Richtung Park ließen große Fensterfronten den Raum mit der Natur verschmelzen. Über den Fenstern wiederholten sich die Backsteinziegel als Halbkreisbogen. Die Hohlräume der Ziegelelemente waren mit bunten Glasbausteinen ausgefüllt, die durch das Licht von außen in allen Farben leuchteten. Mit einer Kurbel öffnete Marita die länglichen hölzernen Läden. Überall standen Originalmöbel, die von Architekt Antonio Bonet, dem Mastermind von La Ricarada, entworfen wurden oder die vom Bauherrn, dem Vater von Marita, bei anderen Designern in Auftrag gegeben worden waren.
In der Mitte ein Kamin, davor Sofas. Vor der seitlichen Fensterfront eine längliche Sitzbank. Ein Lounger aus braunem Leder, mit Metallgestell, samt Ottoman. Einzelne Sessel. Alles zusammen eine beeindruckende Vielfalt an ikonischen Möbeln, die perfekt in dieses märchenhafte Ambiente passten.

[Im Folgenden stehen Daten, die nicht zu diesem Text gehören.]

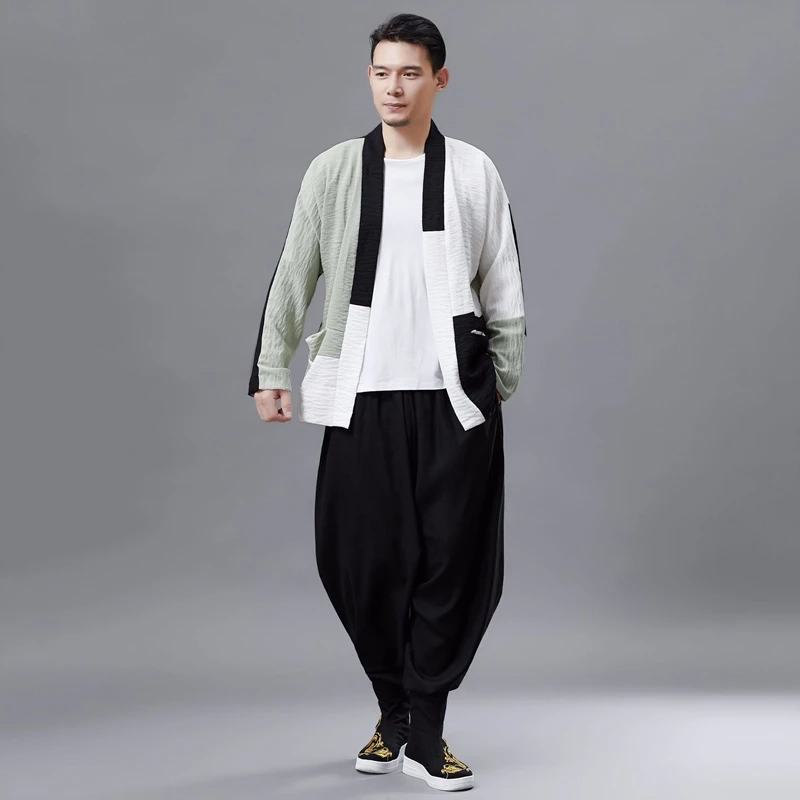 9488143020_782433305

Man könnte ein halbes Magazin mit den Bildern und der dazugehörigen Schwärmerei über dieses architektonische Juwel füllen. Über den Masterbed-
room etwa, der in einem gesonderten Pavillon lag, verbunden durch den langen Glasgang, den wir vom Eingang aus sahen. Oder die seitlich liegenden Schlafräume, die jeweils mit einem kleinen Bad und dazugehörigen Schränken voneinander getrennt lagen. Oder von der sagenhaften Küche, die aus gleich mehreren Teilen bestand, um auch große Gesellschaften bequem versorgen zu können. Bis hin zur eigens entworfenen kuppelförmigen Hundehütte aus Beton vor dem Küchenfenster. Ganz zu schweigen vom Park, samt Badepavillon und Pool. Dazu die vielen kleinen Details wie etwa die Sicherungen aus Porzellan, das Wählscheibentelefon oder das verschiebbare Board über dem Ehebett. Selbst unser Taxifahrer war sprachlos vor lauter Schönheit, die sich ihm hier bot.
Marita erzählte uns von früher, wie sie als Kinder hier mit ihren Eltern lebten. Sechs an der Zahl, von denen sie die Nummer drei war. Viel Besuch gab es, große Gesellschaften, die sich um den Esstisch versammelten, im Salon debattierten oder im Park flanierten. Seit Jahren nun steht sie leer, die Casa Gomis. Manchmal kommen die Jungen, also die Kinder und Enkel am Wochenende her. Aber eigentlich ist La Ricarda sich selbst überlassen. Während sie das alles sichtlich betrübt erzählt, donnert ein startendes Flugzeug über unsere Köpfe hinweg – der Flughafen ist das Problem der Casa Gomis. Er macht verschiedene Ideen der Nutzung mit einem Start zunichte. Ein Museum vielleicht? Zu weit weg vom Schuss, von der Stadt, meint Marita. Aber wenn wir eine Idee hätten, sollen wir sie sofort anrufen, sagt sie zum Abschied. Es fällt uns dementsprechend schwer, La Ricarda, Marita und ihre Schwester zu verlassen. Zu viel gäbe es noch zu entdecken. Und zu viel könnten die beiden Frauen noch erzählen. Von jener Zeit, als die Familie Gomis in ihrem selbst erschaffenen Traum den Alltag lebte, Antonio Bonet für außergewöhnliche Architektur sorgte und solch ikonische Möbel wie der Mariposa, auch bekannt als Butterfly Chair entstanden. Aber das ist nur eine von vielen Geschichten rund um dieses Schmuckstück.